#### [Provided records]
######

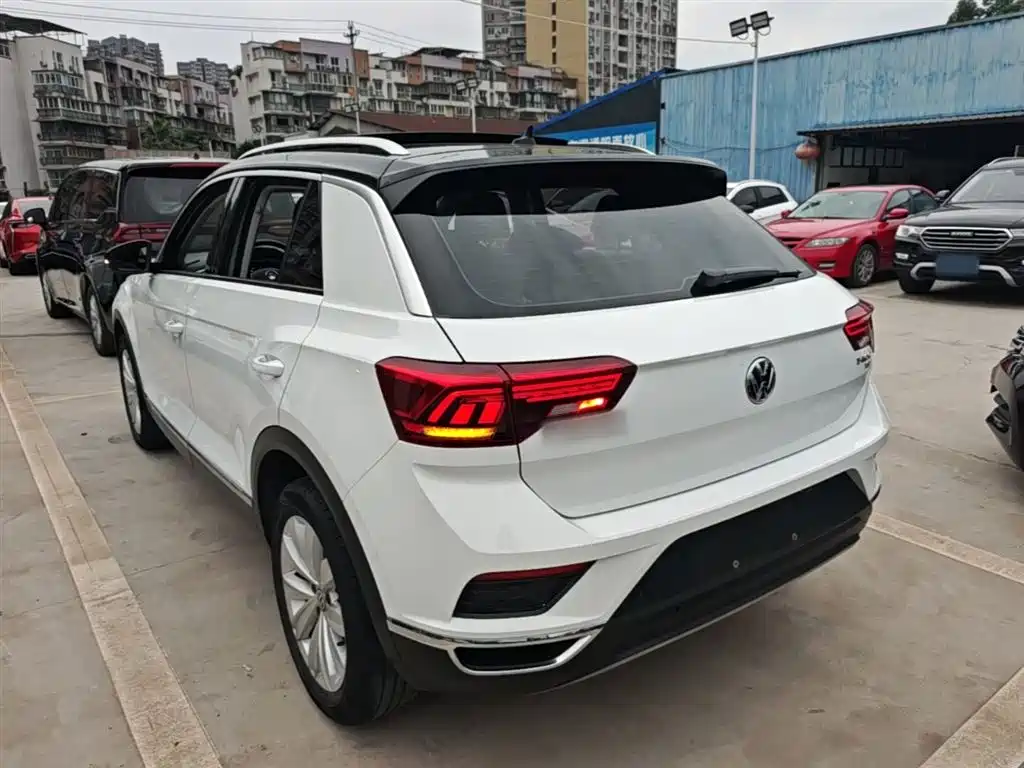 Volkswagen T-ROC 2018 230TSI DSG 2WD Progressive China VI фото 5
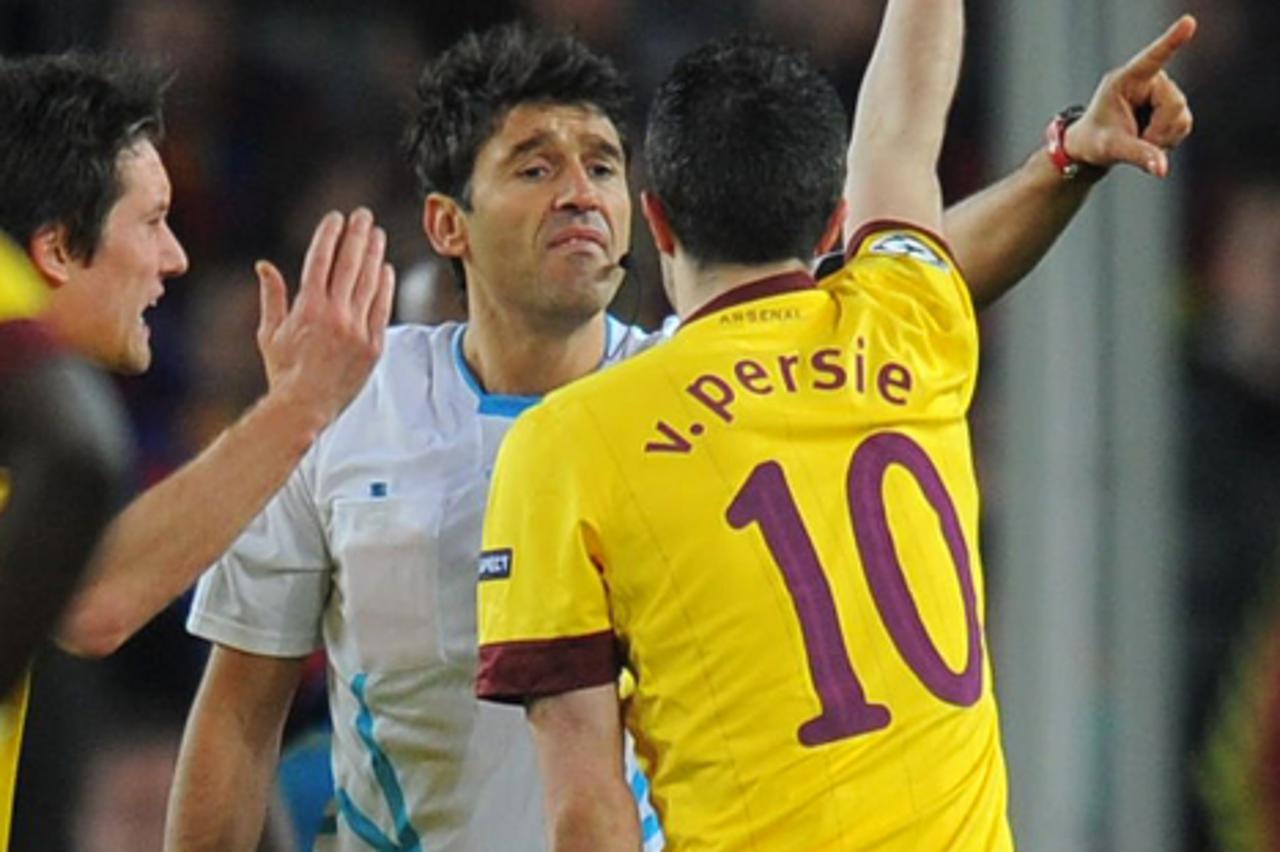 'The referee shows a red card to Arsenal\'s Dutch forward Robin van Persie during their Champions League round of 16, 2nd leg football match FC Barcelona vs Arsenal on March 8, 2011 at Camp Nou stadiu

######

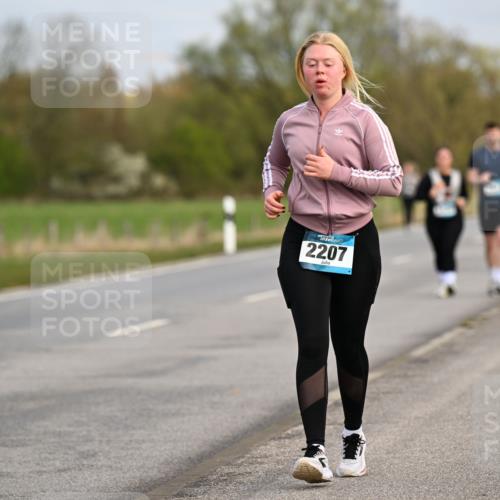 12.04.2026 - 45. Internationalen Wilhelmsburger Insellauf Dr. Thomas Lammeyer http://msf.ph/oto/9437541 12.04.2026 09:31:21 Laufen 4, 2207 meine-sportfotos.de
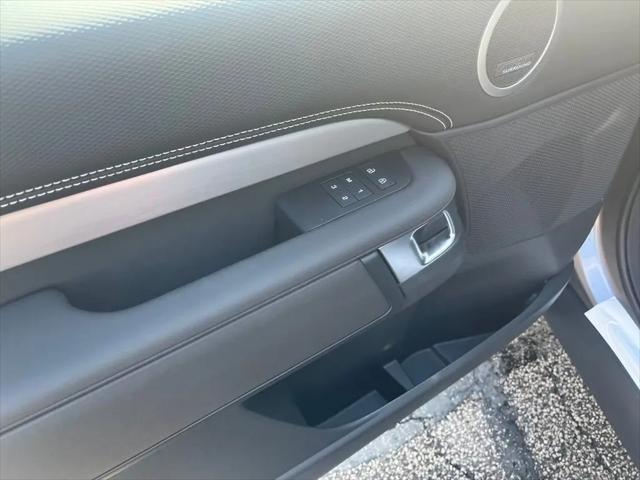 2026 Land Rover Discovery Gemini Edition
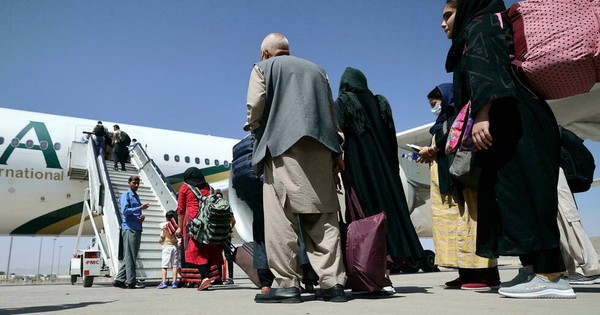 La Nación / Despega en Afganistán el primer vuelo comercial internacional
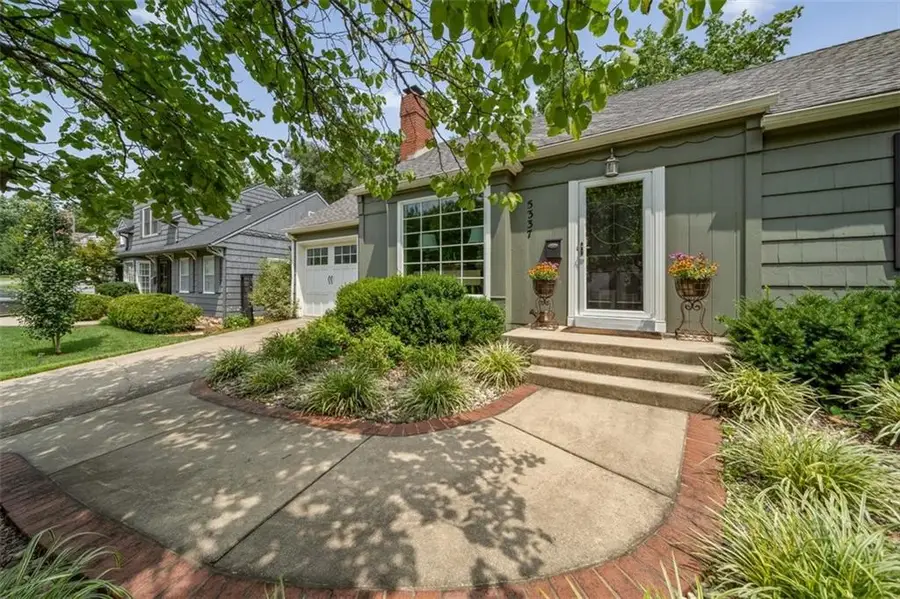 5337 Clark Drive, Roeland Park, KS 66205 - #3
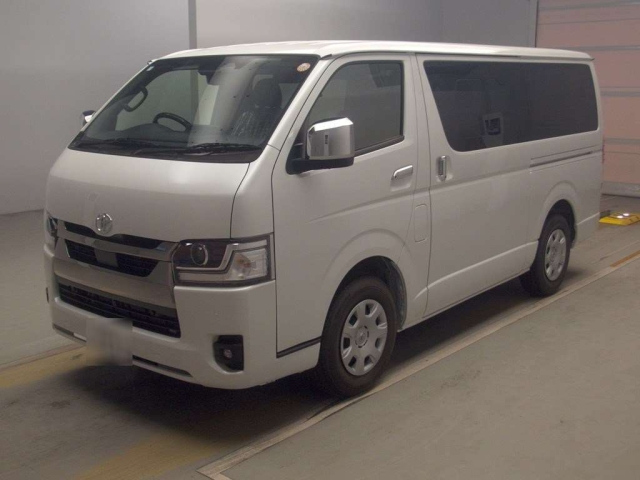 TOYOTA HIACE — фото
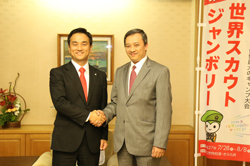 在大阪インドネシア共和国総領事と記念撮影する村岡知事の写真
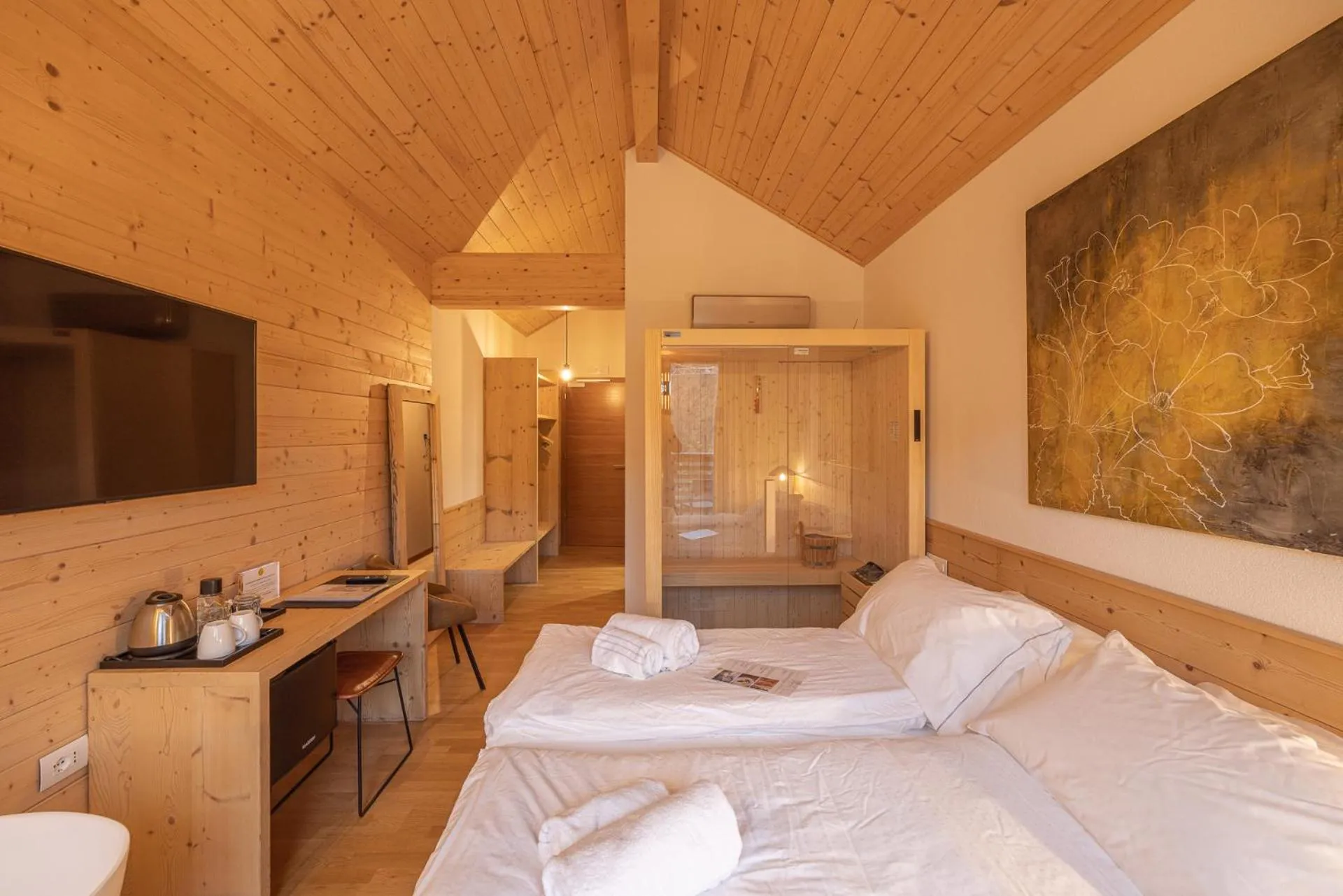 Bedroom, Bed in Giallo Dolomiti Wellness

######

#### [What needs to be done]
Starting with the line that has "在大阪インドネシア共和国総領事と記念撮影する村岡知事の写真" and going on through the line that has "Bedroom, Bed in Giallo Dolomiti Wellness", transcribe the records above exactly, but skip the pictures.

#### [Answer box]
 在大阪インドネシア共和国総領事と記念撮影する村岡知事の写真
 Bedroom, Bed in Giallo Dolomiti Wellness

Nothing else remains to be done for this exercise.